Clotheshorse Episode 254: "How (and why) I worked in fast fashion, part 2"
Host: Amanda Lee McCarty
Date: February 11, 2026
Episode Overview
In part two of her deeply personal series, Amanda Lee McCarty continues the story of her career in the fast fashion industry, focusing on how her upbringing as a people pleaser shaped her professional experiences and struggles, and offering a behind-the-scenes look at the uglier truths of fashion's supply chain, toxic workplaces, and the human cost of "business as usual." Amanda shares candid stories of abuse, burnout, and awakening—both personal and systemic—while reflecting on how her journey led her from corporate burnout to independent advocacy and consultancy in the slow fashion space.

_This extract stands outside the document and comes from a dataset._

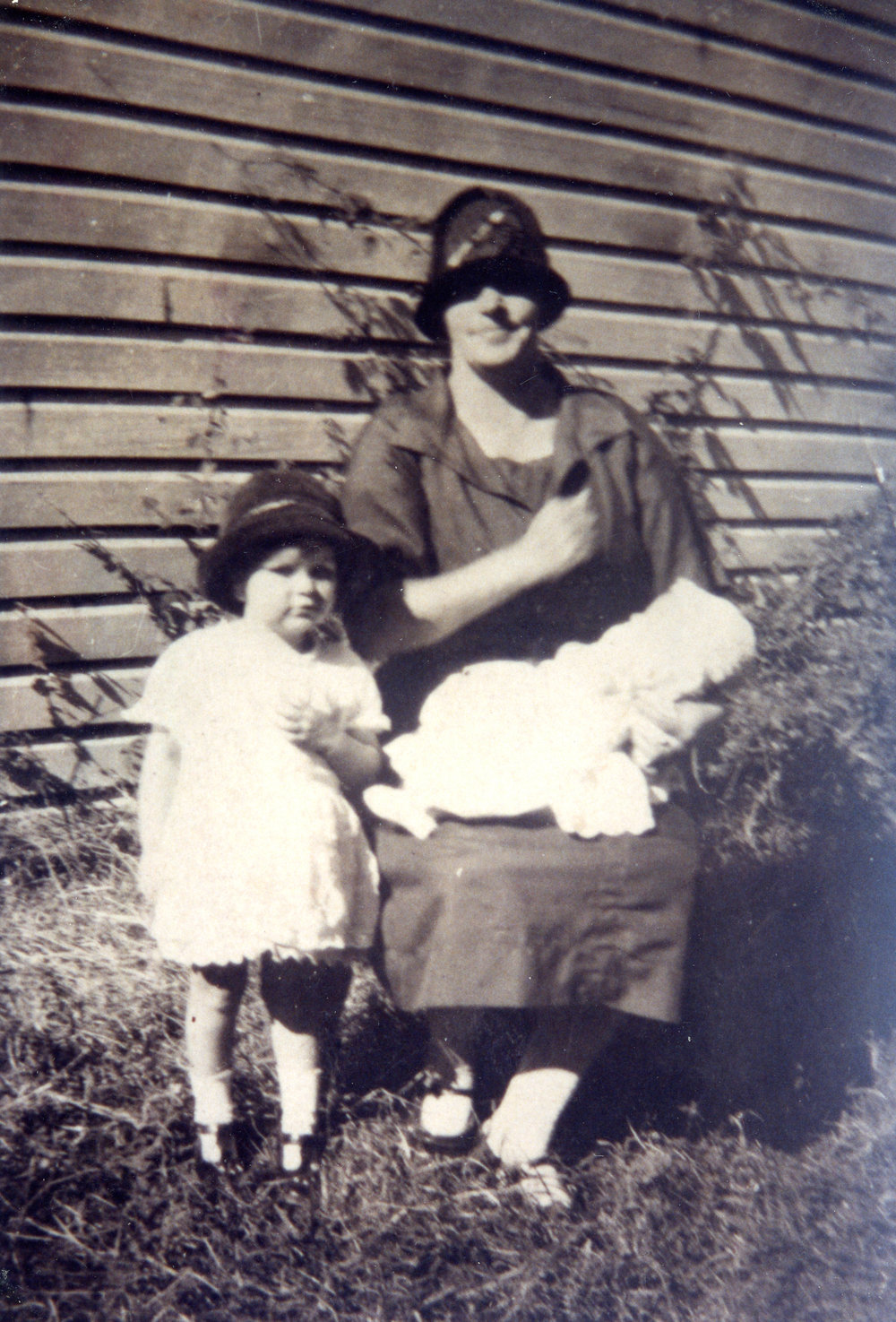 Una Barber with Grace and Laura, 1915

Key Discussion Points and Insights
1. People Pleasing and Workplace Dynamics
(00:00–23:00)
- Amanda opens up about her lifelong pattern of people pleasing, originating from a traumatic and chaotic childhood:
- Quote:
“My home life was so chaotic…Adults were a source of unpredictable rage and punishment. And I figured out pretty fast that it was my job to anticipate anger before it happened and do everything I could to prevent it.” (07:35) - This behavior made her an ideal but easily exploited worker—never advocating for herself, never saying no, and thus prone to toxic relationships, both at work and home.
- Quote:
- She connects this to the fashion industry's predatory power dynamics, where employees are constantly reminded they are "lucky to be there."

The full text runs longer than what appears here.